[[ Collected material, beginning ]]
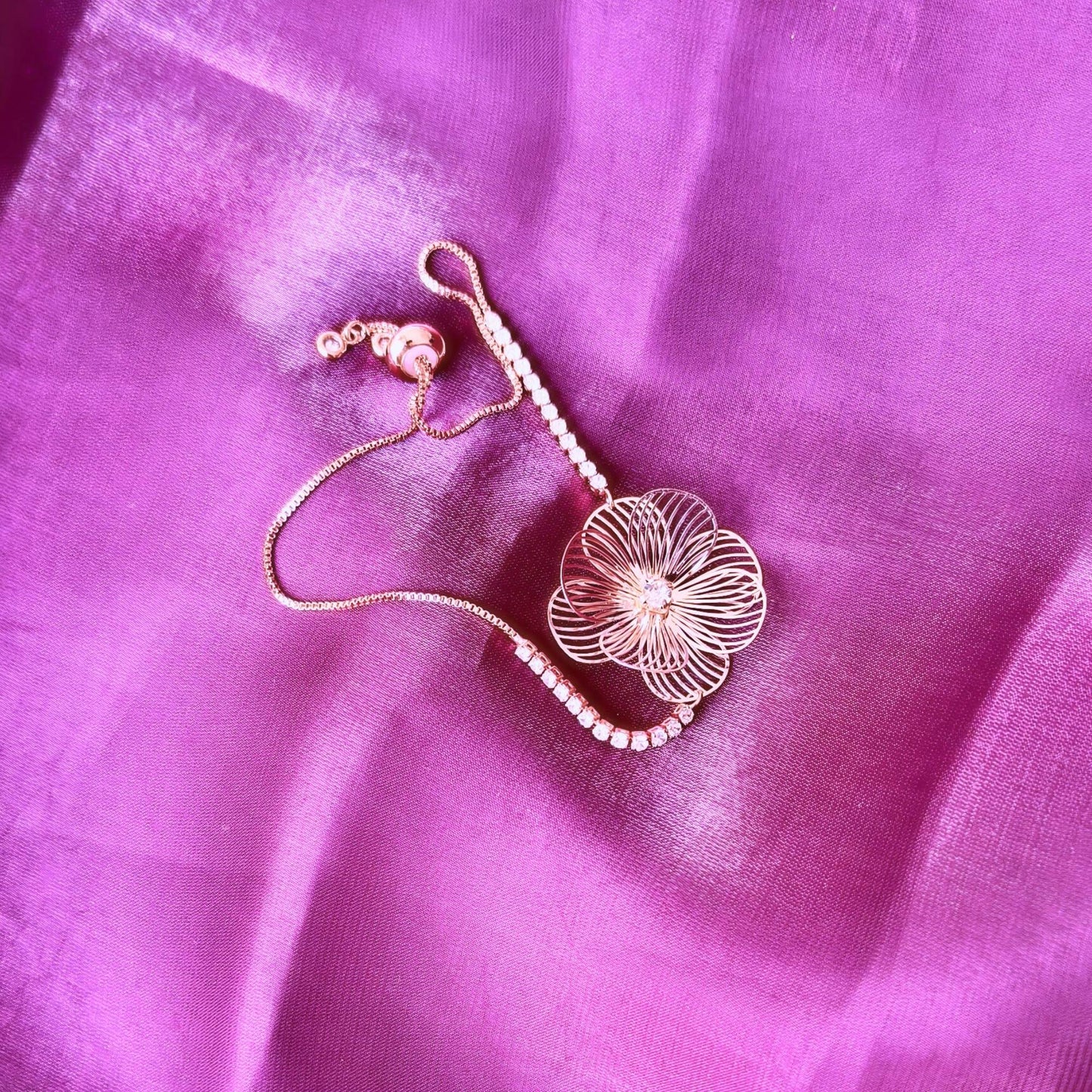 Blooming Petals Rose Gold Bracelet – Limited Edition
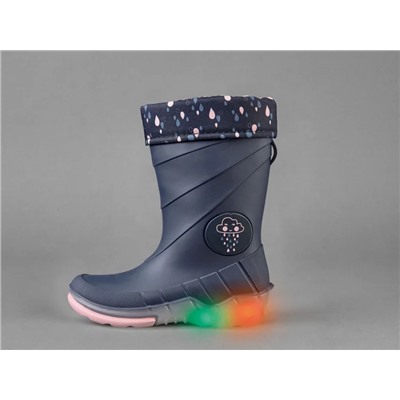 LUPILU® Kleinkinder Regenstiefel Mädchen, mit Licht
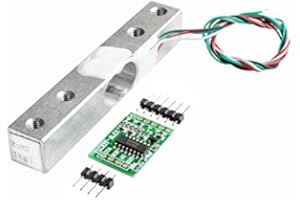 AuBreey Digital Load Cell Weight Sensor 1KG/5KG Portable Electronic Kitchen Scale + HX711 Weighing Sensors Ad Module for Ardu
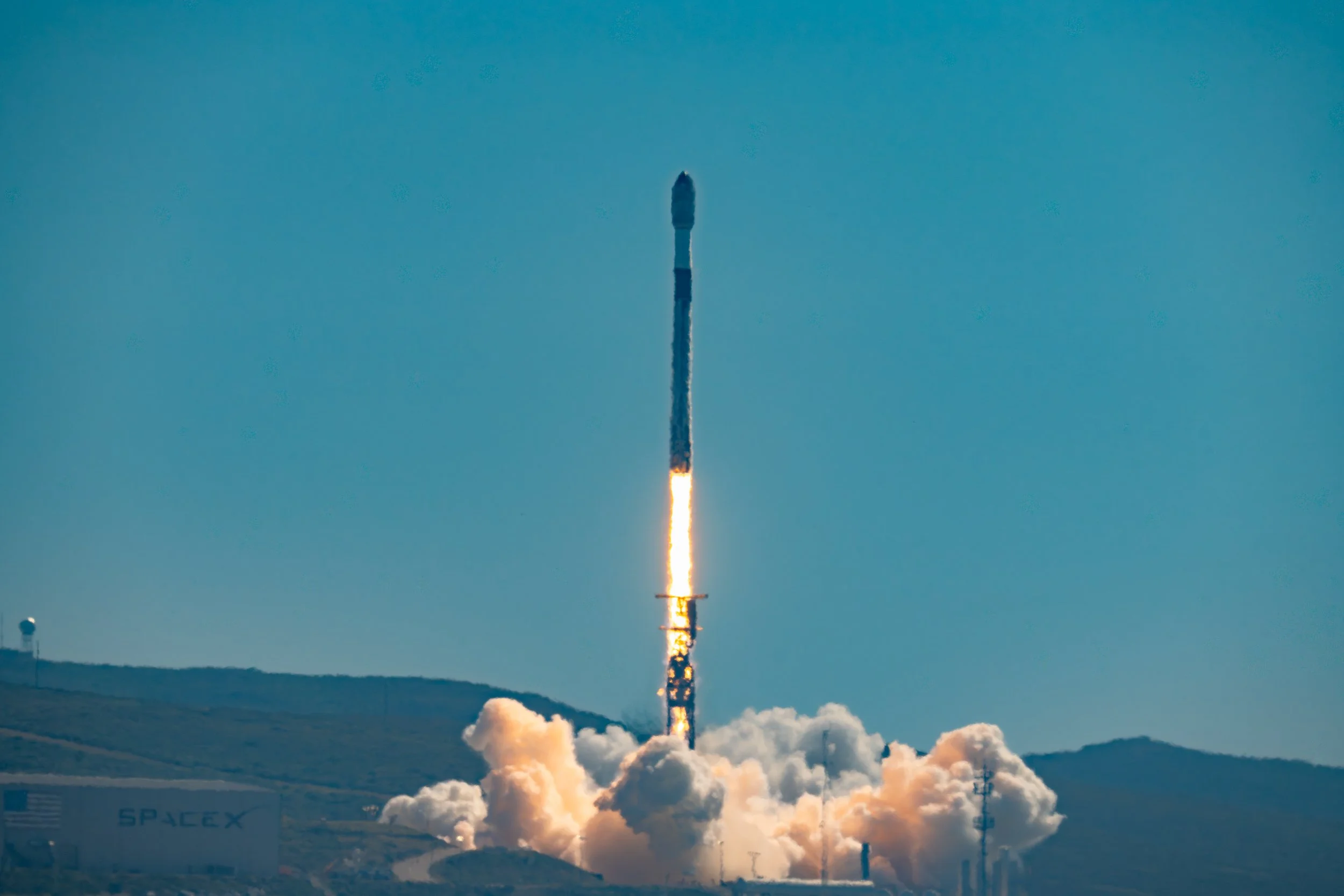 A rocket launches from Vandenberg on March 20, 2026.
[[ Collected material, end ]]
▶ **Task**
The expected answer is the lines from the one that has "AuBreey Digital Load" to the end of the listing, transcribed exactly, with pictures left out and no other line added.

▶ **Solved problem**
 AuBreey Digital Load Cell Weight Sensor 1KG/5KG Portable Electronic Kitchen Scale + HX711 Weighing Sensors Ad Module for Ardu
 A rocket launches from Vandenberg on March 20, 2026.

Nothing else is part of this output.